Each May, Garton leaves her husband and children and goes either to her mother’s home in Nashville or to a motel. May is difficult because she has given her baby a birthday.
“My birthday and anniversary are in April. I couldn’t give her a birthday in April, even though that’s probably when she would have been born. If she had lived, she would be five years old.”
For the rest of the year Garton tends to her family. She is a good mother. She takes her children horseback riding, boating, roller skating and to movies. She loves them very much. But on Dec. 3 – “the date of my second daughter’s death” – she again retreats from husband and children.
She sits and thinks, “I have nightmares. In my mind, I see my little girl in the woods, cut up, whacked up, or my little boy bashed in the head.”
She gave her aborted baby a name, Misty Angel “Angel” because she believes the child is with God.
“I know I sound crazy,” she says, telling of how she had an angel tattooed on her right thigh. And how, when she gives blood at the Red Cross, she has them mark it with Angel’s name.
She had a good business in Ashland City – Fashions for Less – but she gave it up. She couldn’t bear to tell her partner the truth about why she didn’t want to continue.
She sought professional counseling but withheld her last name from the counselor until only a short while ago.
She went to her longtime family doctor for treatment of ulcerative colitis. When he asked if she had any clue as to why she had this ailment caused by nerves and anxiety, she replied that she didn’t.
She was ashamed to tell her children why she cried the day she encountered an anti-abortion display at a carnival and stood, stunned, looking at the photos of aborted fetuses.
And she was afraid to tell her priest, “I was Catholic. But you don’t have an abortion and be a Catholic. To me, there’s no forgiveness for what I did. Not when the pregnancy is that far along. Not when it had moved inside me. And not when, after the doctor pinched it the first time, the baby tried to get up in me as far as she could, as if to hold onto my heart.”

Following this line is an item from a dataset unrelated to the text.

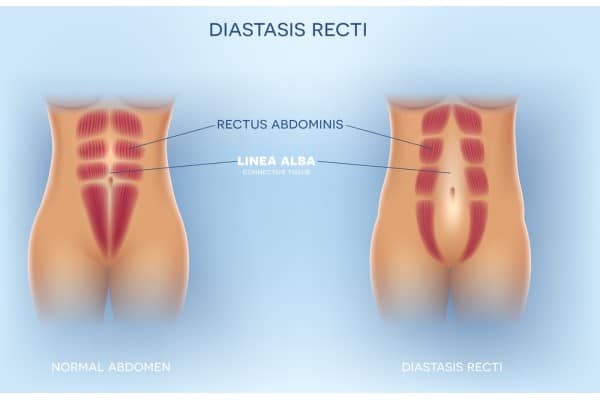What Non-Surgical Options Are Available for Diastasis Recti Buckinghamshire?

The people to whom she told the truth urged her to put the pain behind her. “It’s over and done with and there is nothing you can do about it now. ” She tried, but she couldn’t.
Then one day recently she called the doctor who performed the abortion. “I need to come in now. This is an emergency.” What was the emergency? “Because of a termination.”
She went to the doctor’s office and confronted her with angry questions. The doctor said, “You wanted an abortion. I gave you one. It was your doing, not mine.”
A few days ago she went back to the Catholic church she used to attend. She walked around it and came at last to a statue of Mary holding the Christ child. She stood there for the longest time, praying. When she had worked up her courage, she knocked on the priest’s door.
As soon as he saw her, he knew something was terribly wrong. In tears, she told him the truth. She told him she didn’t think she could ever be forgiven.
“You should have come sooner,” he replied. “God has forgiven you – don’t you know that? But you need to forgive yourself. You’ve got two great children and the third one is now with God. She is growing and she knows you. She knows your pain.
“Some day, you will see her again and hold her and love her.”